Task to complete
Set the whole listing down again without deviation.

###

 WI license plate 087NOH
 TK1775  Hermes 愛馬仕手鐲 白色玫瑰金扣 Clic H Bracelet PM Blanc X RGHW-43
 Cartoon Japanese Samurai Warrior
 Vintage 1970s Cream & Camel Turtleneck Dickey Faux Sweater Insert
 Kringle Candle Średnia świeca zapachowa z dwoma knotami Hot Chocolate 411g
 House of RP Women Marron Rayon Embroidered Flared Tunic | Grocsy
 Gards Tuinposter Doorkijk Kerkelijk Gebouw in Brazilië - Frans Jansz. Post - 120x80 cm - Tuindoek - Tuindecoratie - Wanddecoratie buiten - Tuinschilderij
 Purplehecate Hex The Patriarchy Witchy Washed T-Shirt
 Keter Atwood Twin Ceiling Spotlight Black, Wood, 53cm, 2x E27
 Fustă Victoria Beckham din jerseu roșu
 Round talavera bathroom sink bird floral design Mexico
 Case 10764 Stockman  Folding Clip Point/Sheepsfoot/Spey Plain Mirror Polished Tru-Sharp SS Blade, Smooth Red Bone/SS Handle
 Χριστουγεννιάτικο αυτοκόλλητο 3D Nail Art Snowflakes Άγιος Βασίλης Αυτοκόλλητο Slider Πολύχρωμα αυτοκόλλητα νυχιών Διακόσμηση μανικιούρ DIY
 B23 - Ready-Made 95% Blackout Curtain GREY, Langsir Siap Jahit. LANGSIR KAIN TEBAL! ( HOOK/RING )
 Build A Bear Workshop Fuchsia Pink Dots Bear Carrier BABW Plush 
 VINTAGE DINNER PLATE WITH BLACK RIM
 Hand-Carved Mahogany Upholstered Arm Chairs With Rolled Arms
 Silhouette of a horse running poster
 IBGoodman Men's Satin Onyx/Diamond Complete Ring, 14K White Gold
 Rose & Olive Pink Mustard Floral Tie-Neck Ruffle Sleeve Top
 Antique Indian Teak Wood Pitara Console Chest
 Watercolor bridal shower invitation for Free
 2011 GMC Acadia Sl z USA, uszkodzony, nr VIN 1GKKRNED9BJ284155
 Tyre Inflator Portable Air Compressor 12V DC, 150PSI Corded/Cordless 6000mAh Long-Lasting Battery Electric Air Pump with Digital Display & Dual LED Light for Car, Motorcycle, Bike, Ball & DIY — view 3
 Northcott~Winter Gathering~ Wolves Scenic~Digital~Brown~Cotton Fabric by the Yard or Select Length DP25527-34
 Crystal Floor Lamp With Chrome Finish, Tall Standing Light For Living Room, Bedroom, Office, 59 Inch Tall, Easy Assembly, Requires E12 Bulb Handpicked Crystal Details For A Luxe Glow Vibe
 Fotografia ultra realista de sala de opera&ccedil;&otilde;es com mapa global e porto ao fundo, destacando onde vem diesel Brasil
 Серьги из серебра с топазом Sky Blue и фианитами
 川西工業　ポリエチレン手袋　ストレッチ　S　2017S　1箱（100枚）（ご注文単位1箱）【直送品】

###

Answer below
 WI license plate 087NOH
 TK1775  Hermes 愛馬仕手鐲 白色玫瑰金扣 Clic H Bracelet PM Blanc X RGHW-43
 Cartoon Japanese Samurai Warrior
 Vintage 1970s Cream & Camel Turtleneck Dickey Faux Sweater Insert
 Kringle Candle Średnia świeca zapachowa z dwoma knotami Hot Chocolate 411g
 House of RP Women Marron Rayon Embroidered Flared Tunic | Grocsy
 Gards Tuinposter Doorkijk Kerkelijk Gebouw in Brazilië - Frans Jansz. Post - 120x80 cm - Tuindoek - Tuindecoratie - Wanddecoratie buiten - Tuinschilderij
 Purplehecate Hex The Patriarchy Witchy Washed T-Shirt
 Keter Atwood Twin Ceiling Spotlight Black, Wood, 53cm, 2x E27
 Fustă Victoria Beckham din jerseu roșu
 Round talavera bathroom sink bird floral design Mexico
 Case 10764 Stockman  Folding Clip Point/Sheepsfoot/Spey Plain Mirror Polished Tru-Sharp SS Blade, Smooth Red Bone/SS Handle
 Χριστουγεννιάτικο αυτοκόλλητο 3D Nail Art Snowflakes Άγιος Βασίλης Αυτοκόλλητο Slider Πολύχρωμα αυτοκόλλητα νυχιών Διακόσμηση μανικιούρ DIY
 B23 - Ready-Made 95% Blackout Curtain GREY, Langsir Siap Jahit. LANGSIR KAIN TEBAL! ( HOOK/RING )
 Build A Bear Workshop Fuchsia Pink Dots Bear Carrier BABW Plush 
 VINTAGE DINNER PLATE WITH BLACK RIM
 Hand-Carved Mahogany Upholstered Arm Chairs With Rolled Arms
 Silhouette of a horse running poster
 IBGoodman Men's Satin Onyx/Diamond Complete Ring, 14K White Gold
 Rose & Olive Pink Mustard Floral Tie-Neck Ruffle Sleeve Top
 Antique Indian Teak Wood Pitara Console Chest
 Watercolor bridal shower invitation for Free
 2011 GMC Acadia Sl z USA, uszkodzony, nr VIN 1GKKRNED9BJ284155
 Tyre Inflator Portable Air Compressor 12V DC, 150PSI Corded/Cordless 6000mAh Long-Lasting Battery Electric Air Pump with Digital Display & Dual LED Light for Car, Motorcycle, Bike, Ball & DIY — view 3
 Northcott~Winter Gathering~ Wolves Scenic~Digital~Brown~Cotton Fabric by the Yard or Select Length DP25527-34
 Crystal Floor Lamp With Chrome Finish, Tall Standing Light For Living Room, Bedroom, Office, 59 Inch Tall, Easy Assembly, Requires E12 Bulb Handpicked Crystal Details For A Luxe Glow Vibe
 Fotografia ultra realista de sala de opera&ccedil;&otilde;es com mapa global e porto ao fundo, destacando onde vem diesel Brasil
 Серьги из серебра с топазом Sky Blue и фианитами
 川西工業　ポリエチレン手袋　ストレッチ　S　2017S　1箱（100枚）（ご注文単位1箱）【直送品】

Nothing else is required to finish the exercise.